CHRISTIANITY AND SCIENCE
If one takes the third position on religion and modern science, life will become difficult (perhaps even unbearable). In this case, we must not only distrust the ideology of the modern (definitely non-Christian, often directly anti-Christian) society, but also the world itself, which, if we think about it, is pushed onto so heavily onto us by the entire structure of upbringing, education, study, and culture that we are convinced that it is reality, nature, existence, truth. Once can debate an ideology (although this is difficult, if it is a totalitarian one like all Modern ideologies: communism, fascism, and the most totalitarian one of all, liberalism!), but to distrust one’s own sensory organs, to see that which ‘isn’t’ behind ‘natural’ phenomena (as was said to us by our parents and teachers), i.e. the cosmological power of angels and demons is a direct road to insanity.
I do not know the answer to this question, as it can neither be easy nor understood. I can only express certain assumptions without being confident in neither their effectivity nor their ability to change anything.
First, we must give ourselves the task of fundamentally researching the philosophy of Plato and Aristotle. This demands effort, but it is the foundation of Christian thought.
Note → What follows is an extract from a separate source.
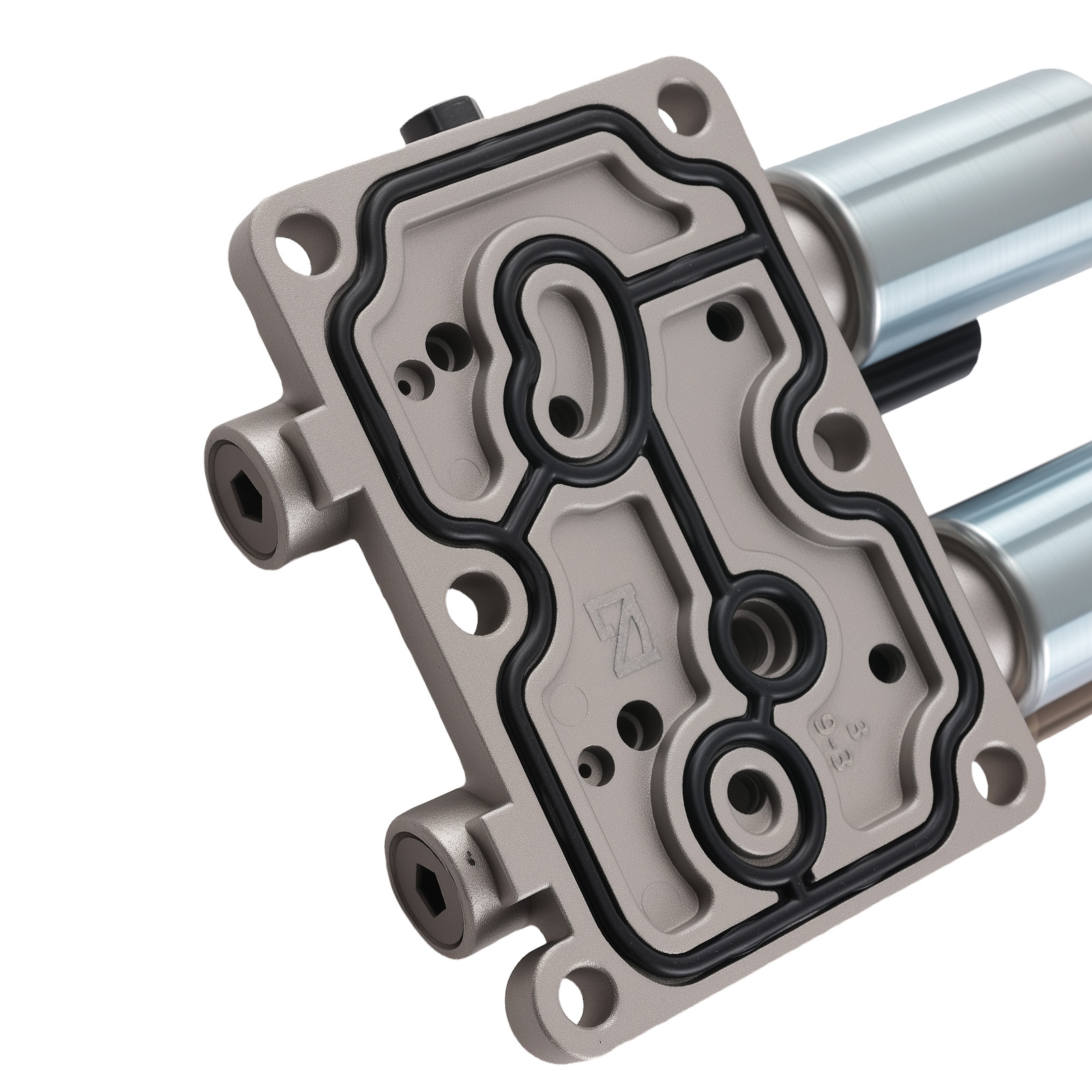 Transmission Dual Shift Linear Solenoid For Honda Civic 1.7L 2001-2003 2004 2005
Without Plato, the fundamental theological theses of the Cappadocian school, or even the most fundamental teachings about the Trinity, creation, etc., to say nothing of the Aeropagites, asceticism, or hesychasm would have no foundation at all. The fundamentals of Christian theology were developed by the Platonists. And it is Platonic cosmology (with Christian corrections) that was patched into this philosophy. In the Christian context, this corpus is most clearly represented by the Aeropagites, in the West by Scotus Eriugena.